WHAT YOU ARE ASKED TO DO - What is needed here is an exact repetition of the records below, beginning at the line that has "Interview: Faye Dale" and stopping after the line that has "1/144 HG RX-93".

DATA PROVIDED -

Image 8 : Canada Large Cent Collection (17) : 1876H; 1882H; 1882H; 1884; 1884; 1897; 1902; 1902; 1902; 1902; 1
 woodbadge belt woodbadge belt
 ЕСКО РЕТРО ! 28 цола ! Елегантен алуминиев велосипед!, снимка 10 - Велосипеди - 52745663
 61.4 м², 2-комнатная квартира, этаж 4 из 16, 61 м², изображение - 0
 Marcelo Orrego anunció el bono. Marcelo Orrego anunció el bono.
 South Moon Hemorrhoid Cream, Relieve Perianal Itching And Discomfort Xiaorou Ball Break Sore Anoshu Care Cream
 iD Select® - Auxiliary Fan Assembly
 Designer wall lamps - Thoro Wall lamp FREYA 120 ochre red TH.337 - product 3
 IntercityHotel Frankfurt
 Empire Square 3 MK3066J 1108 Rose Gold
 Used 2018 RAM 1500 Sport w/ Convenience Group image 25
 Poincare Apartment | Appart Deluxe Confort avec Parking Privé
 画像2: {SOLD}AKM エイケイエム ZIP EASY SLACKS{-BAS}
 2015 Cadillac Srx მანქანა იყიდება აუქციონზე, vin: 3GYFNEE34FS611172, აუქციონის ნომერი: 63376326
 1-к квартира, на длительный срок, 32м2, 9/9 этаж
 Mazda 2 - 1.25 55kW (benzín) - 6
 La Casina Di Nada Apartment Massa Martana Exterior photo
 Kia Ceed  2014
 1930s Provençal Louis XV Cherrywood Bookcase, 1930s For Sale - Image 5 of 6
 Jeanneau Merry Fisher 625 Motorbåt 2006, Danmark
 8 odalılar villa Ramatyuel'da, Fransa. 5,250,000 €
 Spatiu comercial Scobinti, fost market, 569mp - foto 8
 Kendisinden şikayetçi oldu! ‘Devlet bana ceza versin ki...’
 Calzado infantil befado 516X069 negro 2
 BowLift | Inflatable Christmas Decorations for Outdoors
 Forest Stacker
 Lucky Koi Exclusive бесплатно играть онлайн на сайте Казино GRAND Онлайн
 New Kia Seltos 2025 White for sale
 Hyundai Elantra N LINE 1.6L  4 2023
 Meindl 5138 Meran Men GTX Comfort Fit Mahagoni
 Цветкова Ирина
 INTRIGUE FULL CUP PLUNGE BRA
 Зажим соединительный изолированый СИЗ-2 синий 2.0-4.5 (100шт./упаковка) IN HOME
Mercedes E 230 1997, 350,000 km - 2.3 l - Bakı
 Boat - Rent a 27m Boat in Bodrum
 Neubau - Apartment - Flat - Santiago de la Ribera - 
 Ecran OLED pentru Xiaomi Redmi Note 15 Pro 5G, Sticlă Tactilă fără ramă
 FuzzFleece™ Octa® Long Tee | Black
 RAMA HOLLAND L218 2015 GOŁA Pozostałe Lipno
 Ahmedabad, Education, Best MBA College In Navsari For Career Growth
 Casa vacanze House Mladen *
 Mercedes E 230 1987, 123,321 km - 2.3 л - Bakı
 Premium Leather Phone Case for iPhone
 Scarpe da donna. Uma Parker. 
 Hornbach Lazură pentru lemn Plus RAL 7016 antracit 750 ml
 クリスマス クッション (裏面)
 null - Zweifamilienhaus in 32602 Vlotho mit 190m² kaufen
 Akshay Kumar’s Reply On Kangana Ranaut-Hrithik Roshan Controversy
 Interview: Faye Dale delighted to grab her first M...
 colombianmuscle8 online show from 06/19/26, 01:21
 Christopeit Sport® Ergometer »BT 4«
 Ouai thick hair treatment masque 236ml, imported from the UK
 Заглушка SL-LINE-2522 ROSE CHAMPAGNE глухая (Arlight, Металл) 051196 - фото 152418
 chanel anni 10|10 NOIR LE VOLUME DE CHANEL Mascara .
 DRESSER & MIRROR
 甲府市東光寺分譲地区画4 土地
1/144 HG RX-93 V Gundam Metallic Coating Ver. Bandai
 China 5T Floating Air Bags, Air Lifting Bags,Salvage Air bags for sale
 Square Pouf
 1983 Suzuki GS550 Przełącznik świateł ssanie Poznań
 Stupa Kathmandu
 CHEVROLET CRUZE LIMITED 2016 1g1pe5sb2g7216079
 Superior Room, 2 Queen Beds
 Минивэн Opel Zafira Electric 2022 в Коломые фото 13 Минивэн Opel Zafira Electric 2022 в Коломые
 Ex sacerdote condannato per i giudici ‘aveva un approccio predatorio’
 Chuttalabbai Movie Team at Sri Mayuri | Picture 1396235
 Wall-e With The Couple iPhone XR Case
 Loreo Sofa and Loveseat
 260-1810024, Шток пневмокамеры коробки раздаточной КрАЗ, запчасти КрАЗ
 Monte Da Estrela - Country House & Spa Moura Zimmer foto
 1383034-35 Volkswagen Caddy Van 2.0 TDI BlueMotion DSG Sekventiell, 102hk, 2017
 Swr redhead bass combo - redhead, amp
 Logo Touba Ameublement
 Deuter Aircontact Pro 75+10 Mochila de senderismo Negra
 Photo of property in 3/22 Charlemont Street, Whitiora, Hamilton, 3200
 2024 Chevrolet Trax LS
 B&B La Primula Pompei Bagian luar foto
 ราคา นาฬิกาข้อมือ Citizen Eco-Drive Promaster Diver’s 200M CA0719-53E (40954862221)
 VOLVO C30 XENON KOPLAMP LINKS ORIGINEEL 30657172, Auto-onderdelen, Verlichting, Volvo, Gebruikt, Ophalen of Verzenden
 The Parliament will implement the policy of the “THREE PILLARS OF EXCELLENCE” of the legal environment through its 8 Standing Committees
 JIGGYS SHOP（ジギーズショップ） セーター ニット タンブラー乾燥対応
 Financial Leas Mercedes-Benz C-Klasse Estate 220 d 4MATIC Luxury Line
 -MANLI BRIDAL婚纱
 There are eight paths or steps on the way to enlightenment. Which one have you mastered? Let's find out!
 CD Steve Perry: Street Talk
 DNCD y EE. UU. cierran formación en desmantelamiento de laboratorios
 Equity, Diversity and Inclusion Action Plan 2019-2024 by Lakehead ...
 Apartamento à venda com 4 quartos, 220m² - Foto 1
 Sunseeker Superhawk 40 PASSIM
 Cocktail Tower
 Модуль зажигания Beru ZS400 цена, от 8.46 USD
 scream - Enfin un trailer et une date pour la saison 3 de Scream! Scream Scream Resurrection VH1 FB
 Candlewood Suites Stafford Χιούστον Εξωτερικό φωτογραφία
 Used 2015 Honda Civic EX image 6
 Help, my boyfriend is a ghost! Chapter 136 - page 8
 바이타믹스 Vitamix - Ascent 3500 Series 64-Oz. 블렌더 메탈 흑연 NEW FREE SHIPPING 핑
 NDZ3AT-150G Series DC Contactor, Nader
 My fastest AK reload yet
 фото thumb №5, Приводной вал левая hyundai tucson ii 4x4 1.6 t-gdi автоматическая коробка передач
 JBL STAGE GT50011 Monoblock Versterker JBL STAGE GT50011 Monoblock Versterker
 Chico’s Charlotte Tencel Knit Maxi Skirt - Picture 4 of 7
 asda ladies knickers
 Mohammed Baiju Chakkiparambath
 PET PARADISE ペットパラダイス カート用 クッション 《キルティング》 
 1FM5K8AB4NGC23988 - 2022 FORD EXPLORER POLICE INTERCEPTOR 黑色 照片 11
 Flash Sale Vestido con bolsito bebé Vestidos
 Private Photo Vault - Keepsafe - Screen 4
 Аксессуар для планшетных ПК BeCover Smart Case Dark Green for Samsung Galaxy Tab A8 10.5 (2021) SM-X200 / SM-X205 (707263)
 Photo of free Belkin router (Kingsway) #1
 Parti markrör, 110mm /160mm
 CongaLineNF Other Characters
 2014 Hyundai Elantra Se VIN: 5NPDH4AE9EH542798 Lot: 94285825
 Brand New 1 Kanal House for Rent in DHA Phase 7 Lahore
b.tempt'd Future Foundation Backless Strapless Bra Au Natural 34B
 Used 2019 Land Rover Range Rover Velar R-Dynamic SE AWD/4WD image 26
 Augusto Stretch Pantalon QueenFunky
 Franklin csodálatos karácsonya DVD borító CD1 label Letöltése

RESULT -
 Interview: Faye Dale delighted to grab her first M...
 colombianmuscle8 online show from 06/19/26, 01:21
 Christopeit Sport® Ergometer »BT 4«
 Ouai thick hair treatment masque 236ml, imported from the UK
 Заглушка SL-LINE-2522 ROSE CHAMPAGNE глухая (Arlight, Металл) 051196 - фото 152418
 chanel anni 10|10 NOIR LE VOLUME DE CHANEL Mascara .
 DRESSER & MIRROR
 甲府市東光寺分譲地区画4 土地
1/144 HG RX-93 V Gundam Metallic Coating Ver. Bandai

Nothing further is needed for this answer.